Simple Blood Draw Could Revolutionize Early Breast Cancer Detection
By LabMedica International staff writers Posted on 03 Oct 2022 |

Breast cancer is the most prevalent form of cancer in the world, affecting one in eight women over their lifetime. Since 1976 when the American Cancer Society endorsed mammography X-rays, the technique - along with a tissue biopsy - has become the standard way for doctors to check patients for breast cancer. But mammography is not 100% accurate and its detection can be impeded by healthy dense tissue. A tissue biopsy is also not a foolproof method. Although it can reveal information about the tumor, it has limitations. Doctors can sample only a small area and may fail to capture the full extent of the tumor. A tissue biopsy is also invasive and painful. Combined, the drawbacks for diagnosis with mammograms and tissue biopsies mean some patients are not diagnosed until the cancer has grown and spread. Now, scientists have found indications that a special blood test called a liquid biopsy could determine whether a patient has breast cancer at its early stage and if that cancer is unlikely to return. The high-definition comprehensive liquid biopsies are conducted using a standard blood draw from the arm of a patient in a doctor’s office. Once in the laboratory, the sample is examined for signs of cancer.

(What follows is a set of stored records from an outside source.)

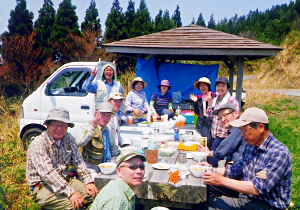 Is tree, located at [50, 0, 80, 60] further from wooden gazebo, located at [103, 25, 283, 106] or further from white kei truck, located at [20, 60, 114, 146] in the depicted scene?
white kei truck, located at [20, 60, 114, 146]

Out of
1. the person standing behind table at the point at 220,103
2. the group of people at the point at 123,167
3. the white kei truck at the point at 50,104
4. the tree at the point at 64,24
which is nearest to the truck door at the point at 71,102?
the white kei truck at the point at 50,104

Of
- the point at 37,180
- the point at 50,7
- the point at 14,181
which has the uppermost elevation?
the point at 50,7

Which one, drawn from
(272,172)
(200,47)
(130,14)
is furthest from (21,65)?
(272,172)

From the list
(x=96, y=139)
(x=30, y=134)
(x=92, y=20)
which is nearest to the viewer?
(x=96, y=139)

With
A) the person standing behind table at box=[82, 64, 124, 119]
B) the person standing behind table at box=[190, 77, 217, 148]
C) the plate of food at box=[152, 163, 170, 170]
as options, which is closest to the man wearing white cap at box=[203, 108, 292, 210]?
the plate of food at box=[152, 163, 170, 170]

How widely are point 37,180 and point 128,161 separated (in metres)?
1.41

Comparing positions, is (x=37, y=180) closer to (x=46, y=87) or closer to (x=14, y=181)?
(x=14, y=181)

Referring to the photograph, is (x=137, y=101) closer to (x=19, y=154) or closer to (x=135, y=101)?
(x=135, y=101)

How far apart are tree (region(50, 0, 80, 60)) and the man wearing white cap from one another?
14.6 meters

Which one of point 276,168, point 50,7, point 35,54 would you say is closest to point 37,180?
point 276,168

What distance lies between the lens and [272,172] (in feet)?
7.21

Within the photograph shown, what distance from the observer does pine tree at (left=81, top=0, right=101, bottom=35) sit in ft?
58.4

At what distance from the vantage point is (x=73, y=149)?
302 centimetres

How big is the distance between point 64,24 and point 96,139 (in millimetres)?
15179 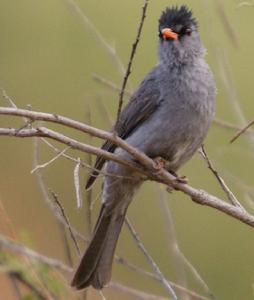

The results of the study demonstrating the liquid biopsy results for early breast cancer detection was led by led the University of Southern California (USC, Los Angeles, CA, USA) and raise hopes that one day doctors could detect breast cancer in patients with a simple blood draw. For the study, the team worked with 100 breast cancer patients - some early and some late stage - and 40 patients without breast cancer from April 2013 through January 2017. The team tested a theory that the high-definition liquid biopsy could detect multiple cancer biomarkers, including the so-called “oncosomes” - nano-sized, membraned cargo carriers that enrich the body’s environment for cancer growth. These oncosomes are secreted by cancer cells as the group has shown previously.
“The news here is that we found the vast majority of early-stage breast cancer patients have these oncosomes at very robust levels,” said Peter Kuhn, a USC cancer physicist. “They’re about 5-10 microns in diameter, about the size of a cell. We first identified these large vesicles in prostate cancer about a year-and-a-half ago and showed that they are related to the cancer. They are hiding in plain sight.”
If further studies produce similar results, it could mean that the next generation high-definition liquid biopsy may become a diagnostic tool for early breast cancer detection and other cancers, he said. The test also could inform patients who have been treated for cancer that they will most likely remain cancer-free.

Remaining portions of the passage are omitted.